[Caption-style text data]
-*-*-

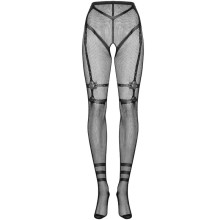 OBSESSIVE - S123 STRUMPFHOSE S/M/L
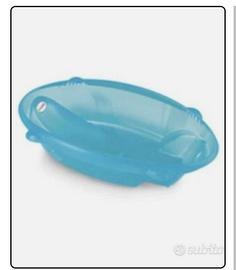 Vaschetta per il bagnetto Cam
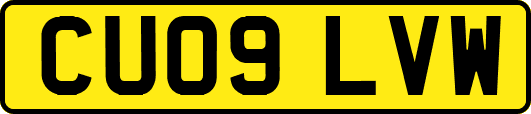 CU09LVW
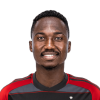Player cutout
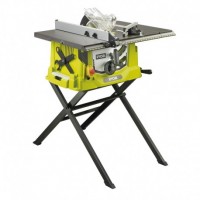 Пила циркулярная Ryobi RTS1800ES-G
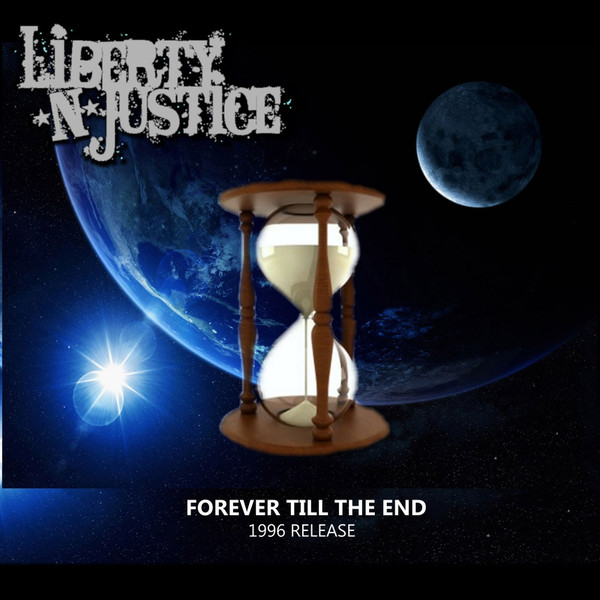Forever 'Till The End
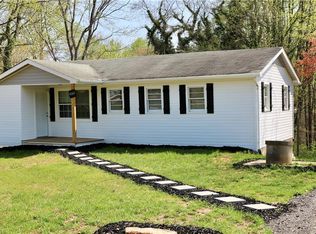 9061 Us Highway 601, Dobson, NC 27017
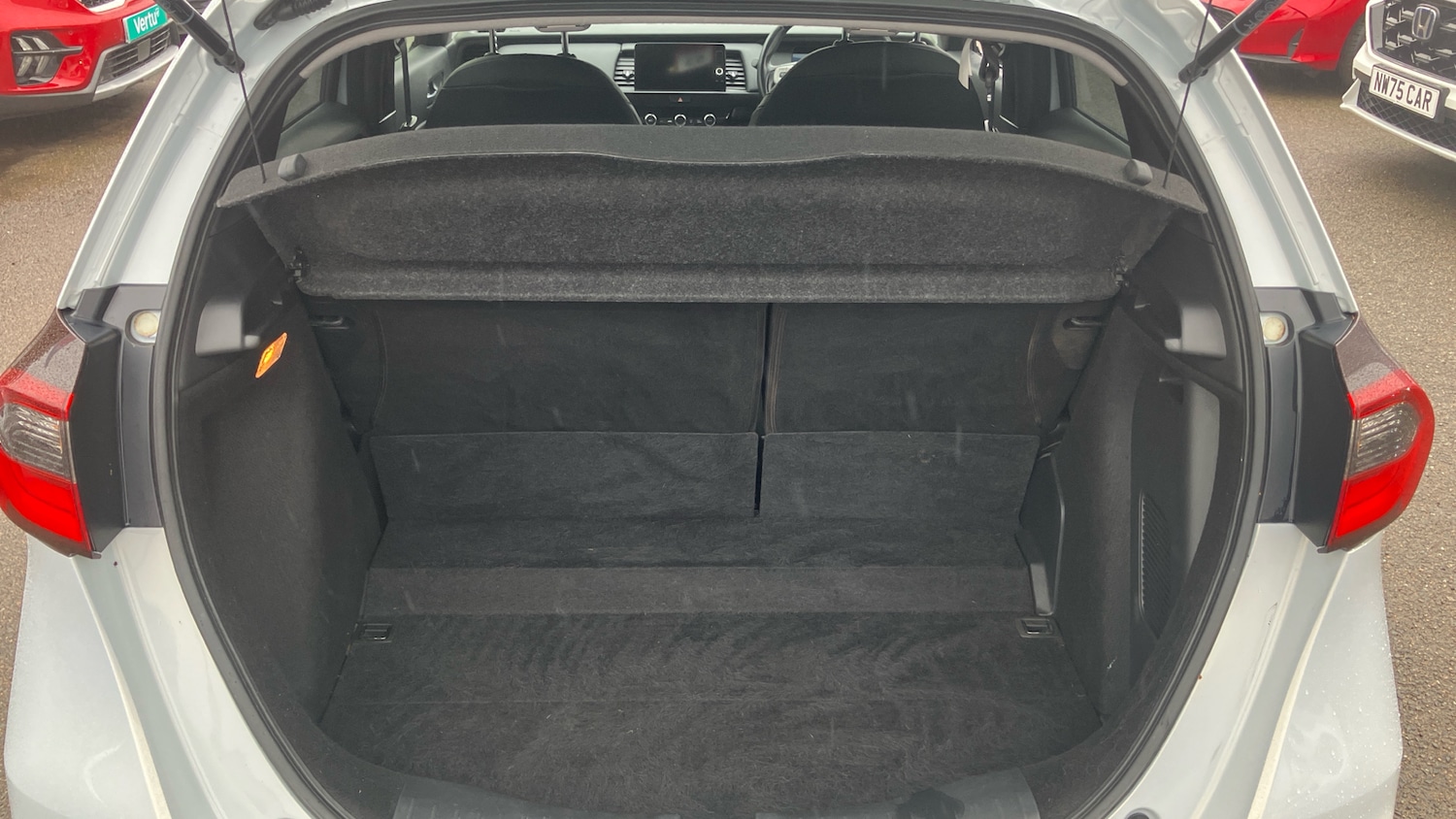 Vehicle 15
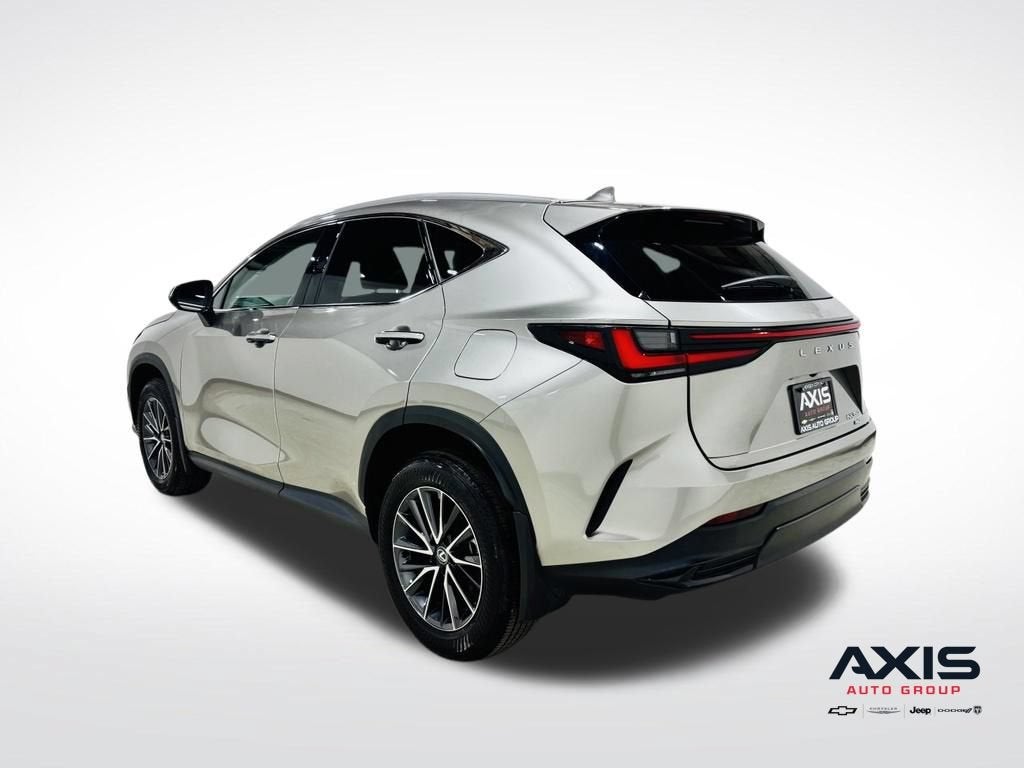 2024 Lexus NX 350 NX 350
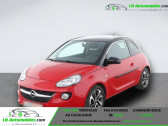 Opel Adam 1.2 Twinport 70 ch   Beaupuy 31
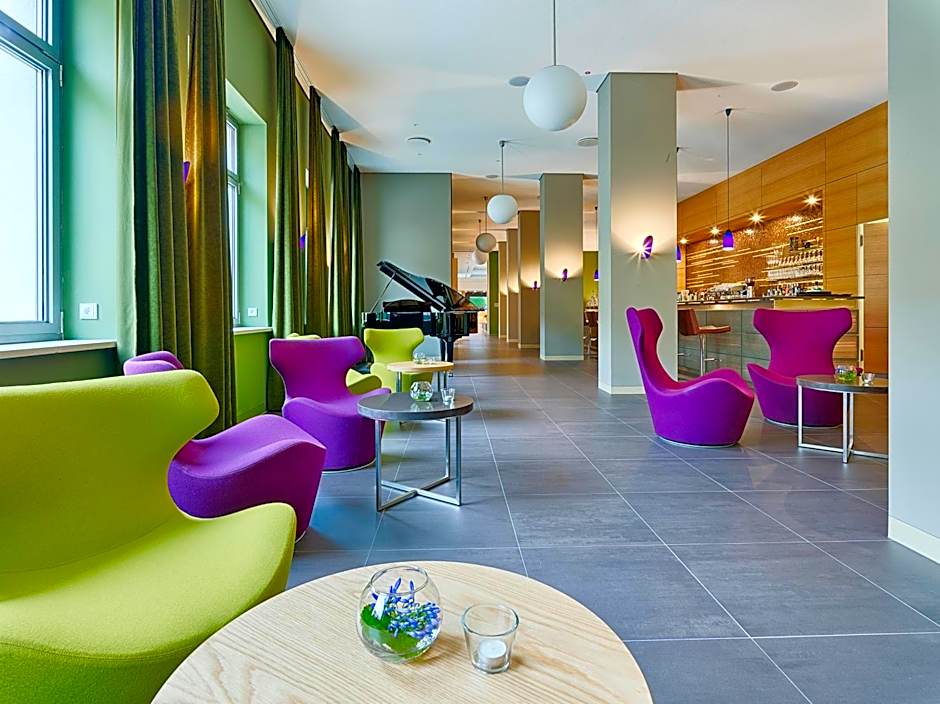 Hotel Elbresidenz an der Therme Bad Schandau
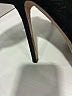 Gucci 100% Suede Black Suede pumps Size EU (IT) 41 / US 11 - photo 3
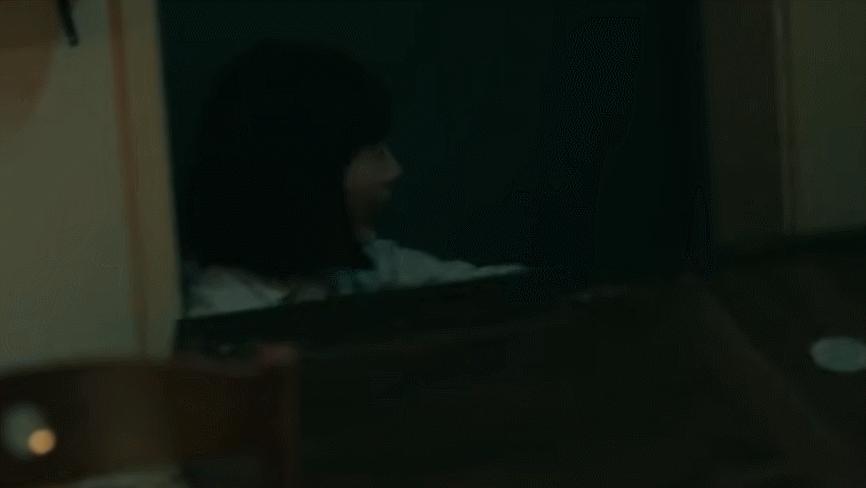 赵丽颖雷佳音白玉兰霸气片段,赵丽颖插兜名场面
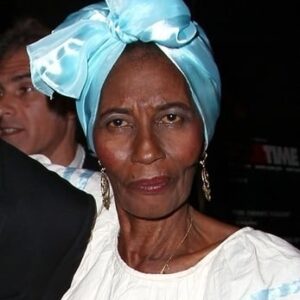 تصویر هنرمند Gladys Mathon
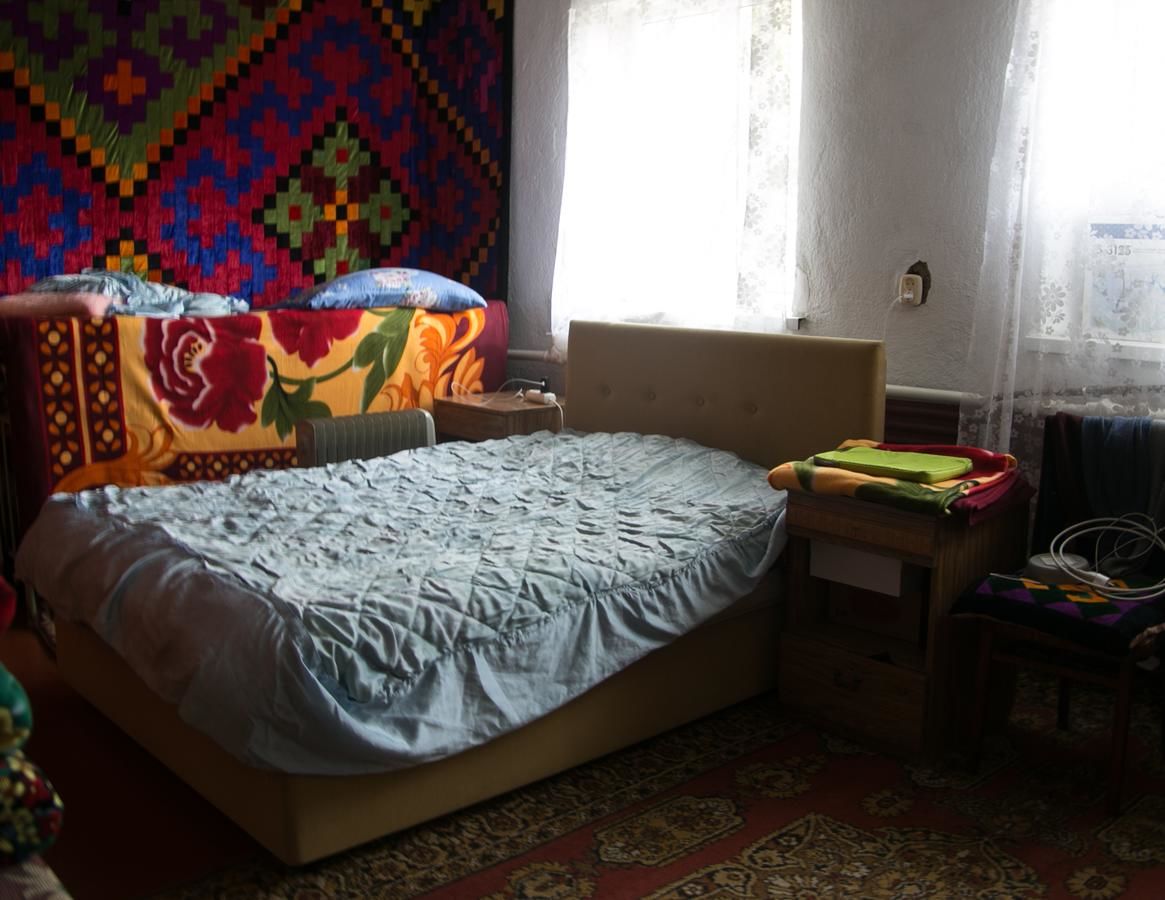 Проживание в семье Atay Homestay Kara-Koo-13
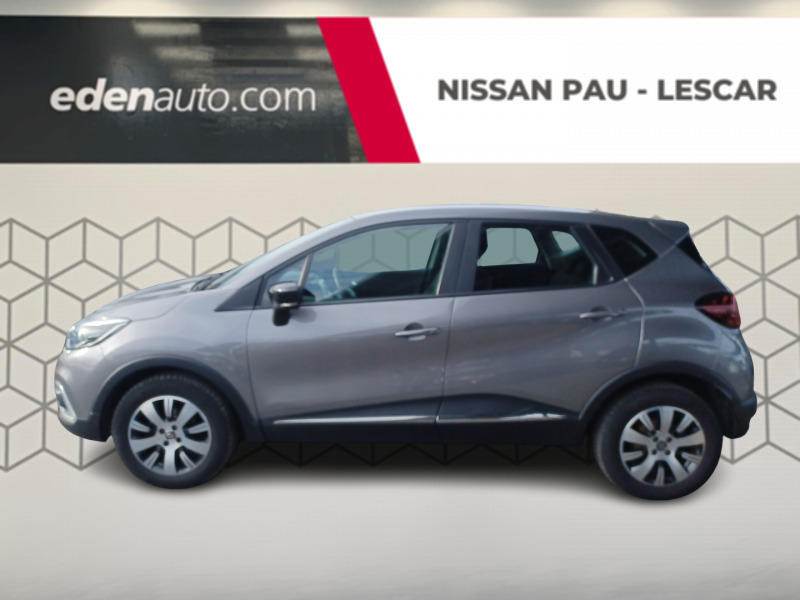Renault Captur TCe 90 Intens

-*-*-

▶ _How to complete this task_
What is needed is an exact copy of the entries above, with no images in it.

▶ _Task output_
 OBSESSIVE - S123 STRUMPFHOSE S/M/L
 Vaschetta per il bagnetto Cam
 CU09LVW
Player cutout
 Пила циркулярная Ryobi RTS1800ES-G
Forever 'Till The End
 9061 Us Highway 601, Dobson, NC 27017
 Vehicle 15
 2024 Lexus NX 350 NX 350
 Opel Adam 1.2 Twinport 70 ch   Beaupuy 31
 Hotel Elbresidenz an der Therme Bad Schandau
 Gucci 100% Suede Black Suede pumps Size EU (IT) 41 / US 11 - photo 3
 赵丽颖雷佳音白玉兰霸气片段,赵丽颖插兜名场面
 تصویر هنرمند Gladys Mathon
 Проживание в семье Atay Homestay Kara-Koo-13
Renault Captur TCe 90 Intens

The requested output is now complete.